* **EXERCISE DATA**:

◇ ◇ ◇

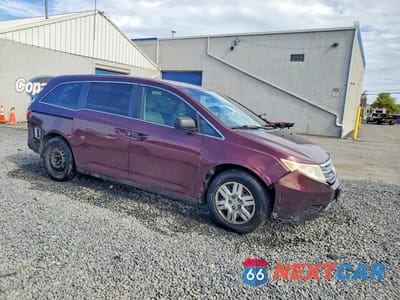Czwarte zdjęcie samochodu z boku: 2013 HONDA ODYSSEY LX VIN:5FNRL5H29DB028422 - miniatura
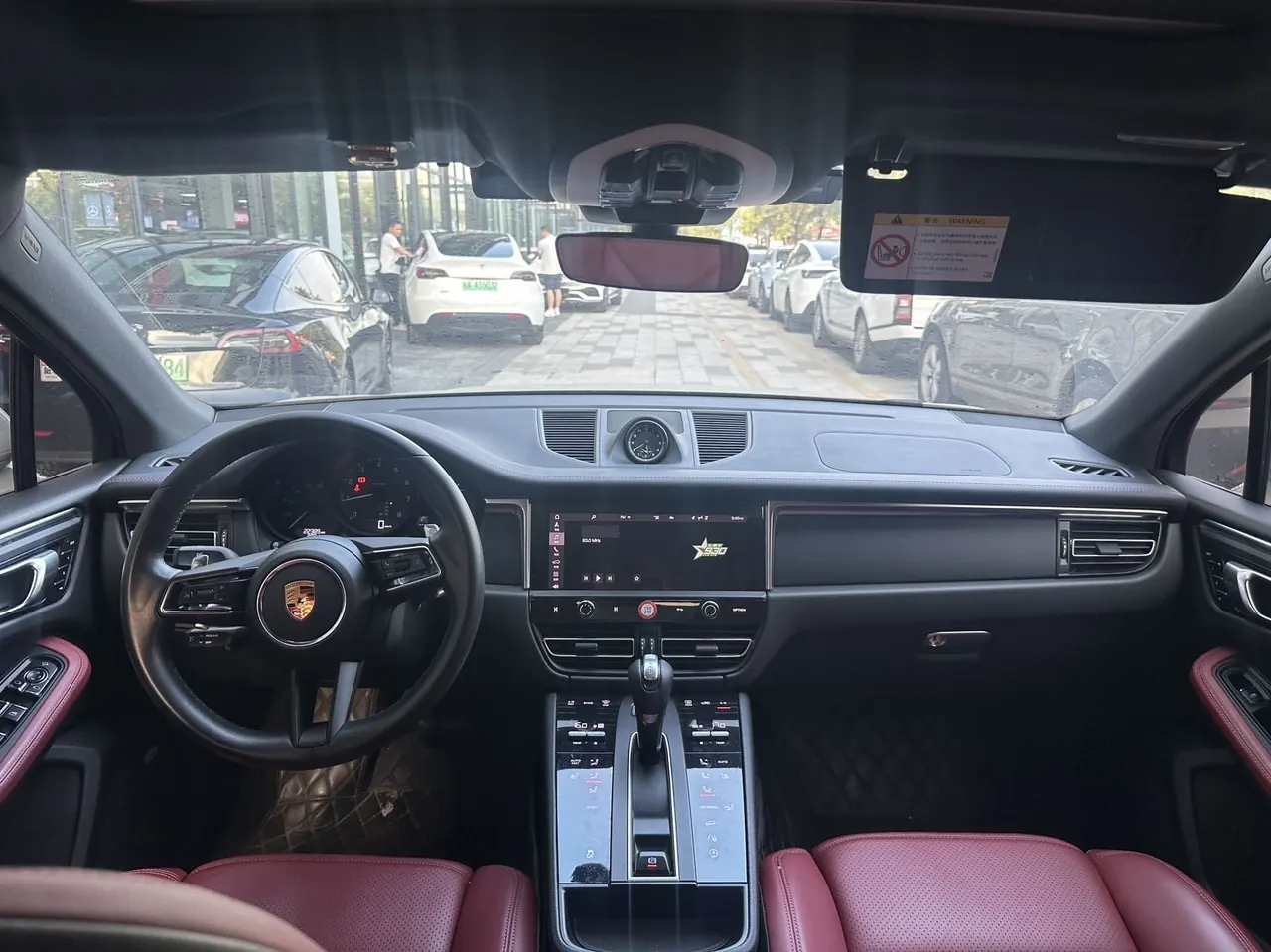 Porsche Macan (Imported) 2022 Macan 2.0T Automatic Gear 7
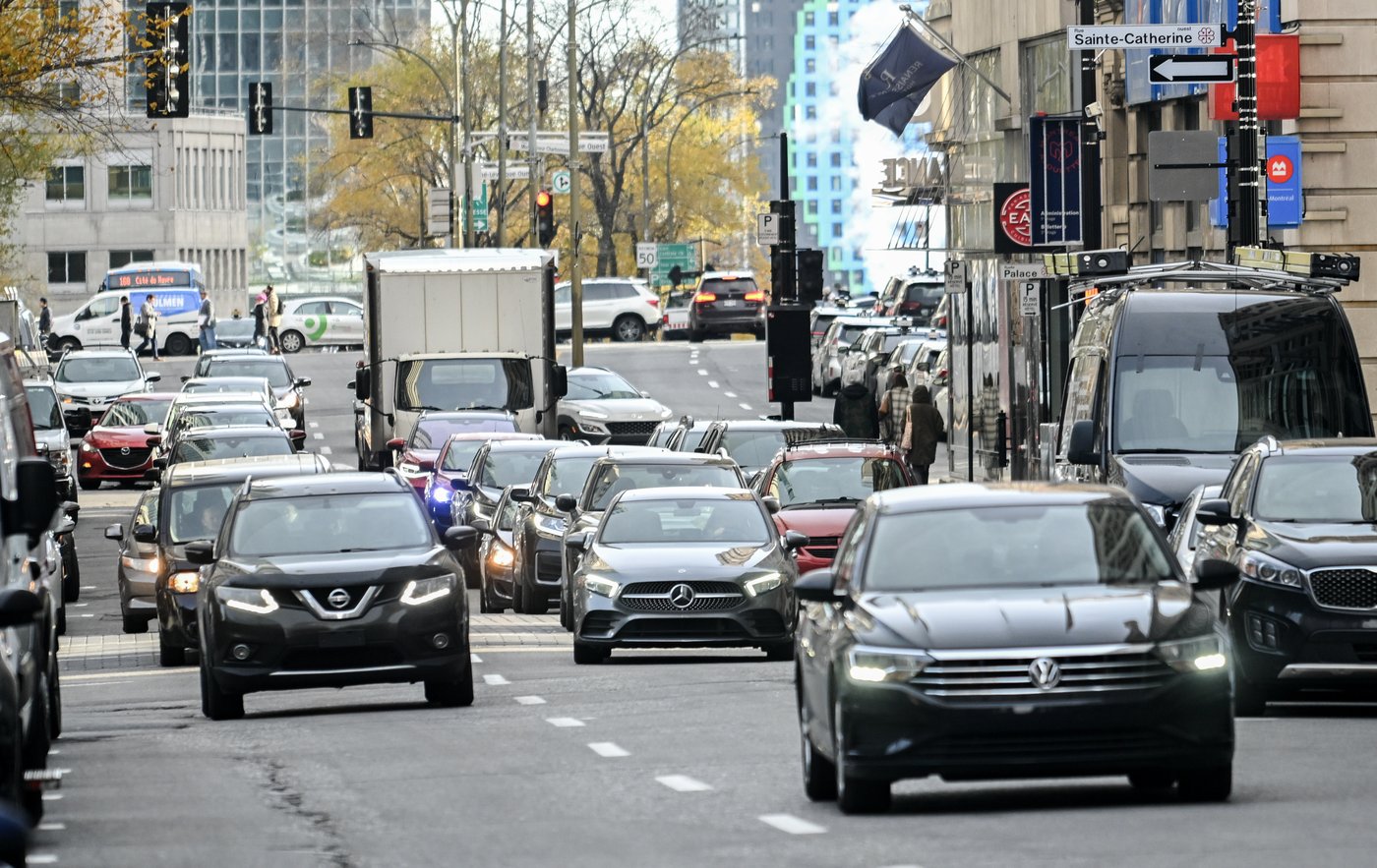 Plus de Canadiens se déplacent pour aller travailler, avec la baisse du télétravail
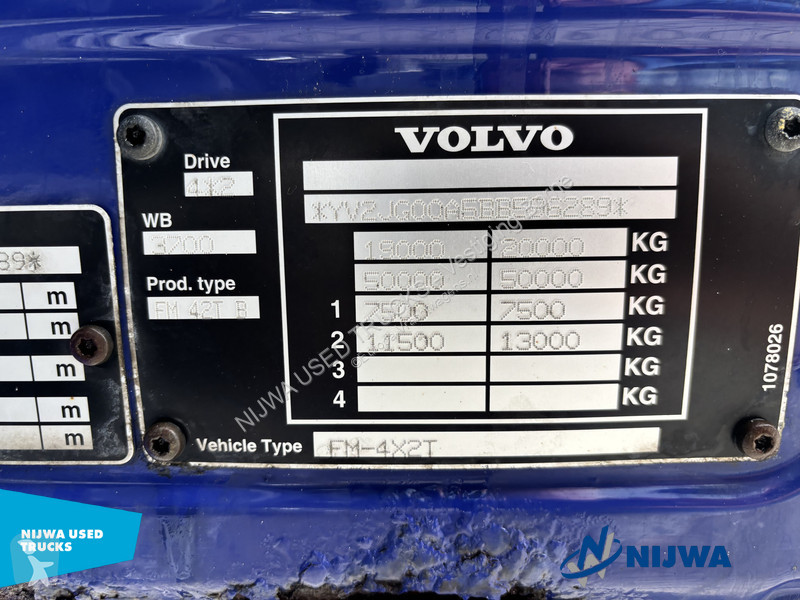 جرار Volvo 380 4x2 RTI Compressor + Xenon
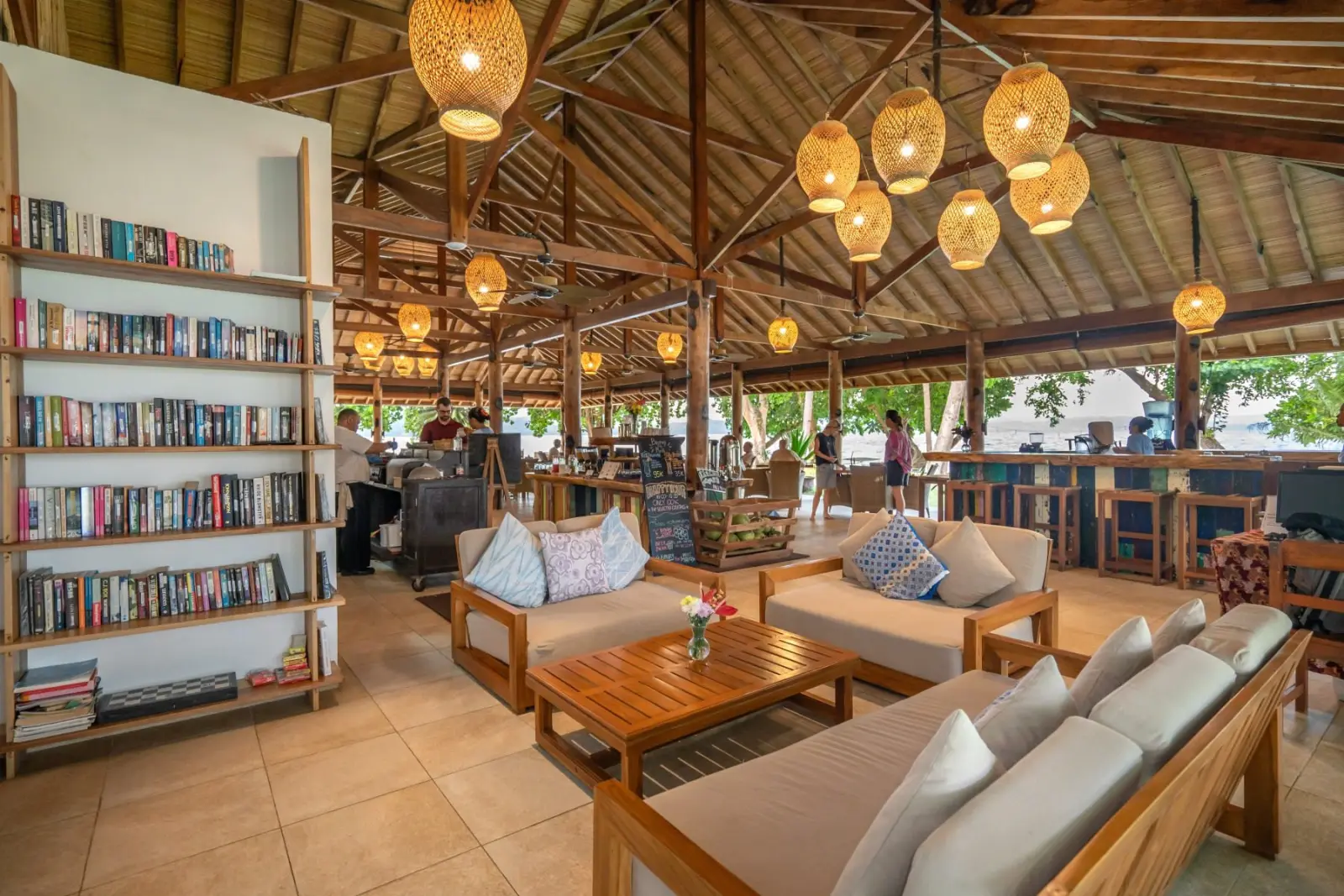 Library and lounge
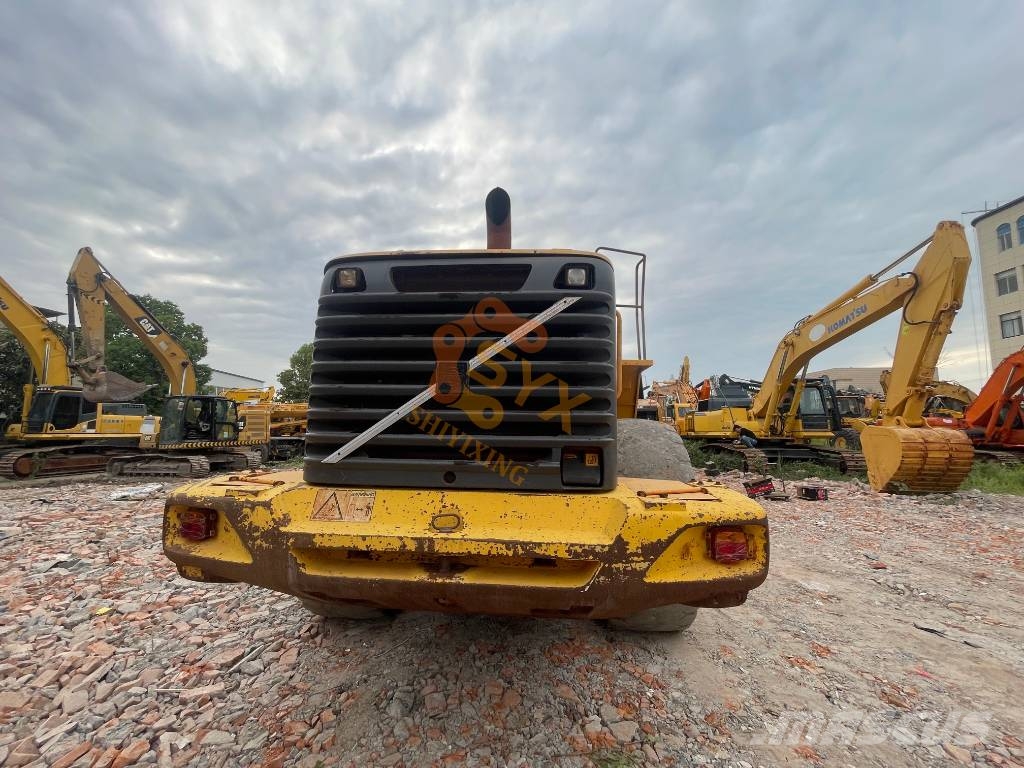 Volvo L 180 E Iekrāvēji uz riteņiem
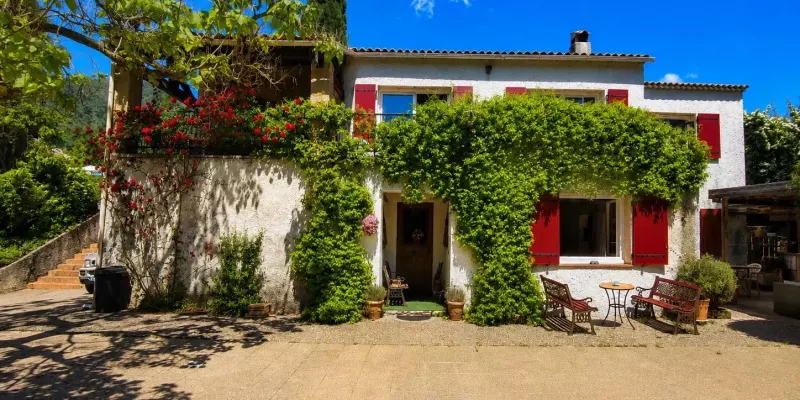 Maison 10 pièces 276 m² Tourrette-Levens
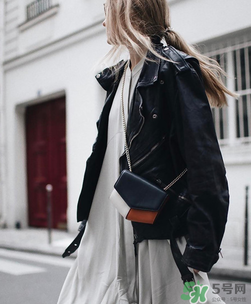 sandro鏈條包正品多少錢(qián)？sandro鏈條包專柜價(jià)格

◇ ◇ ◇

* **WORK TO BE COMPLETED**:
Could you repeat exactly the lines from the one containing "Library and lounge" to the last line of the records, both included, and leave out every picture?

* **SOLVED PROBLEM**:
 Library and lounge
 Volvo L 180 E Iekrāvēji uz riteņiem
 Maison 10 pièces 276 m² Tourrette-Levens
 sandro鏈條包正品多少錢(qián)？sandro鏈條包專柜價(jià)格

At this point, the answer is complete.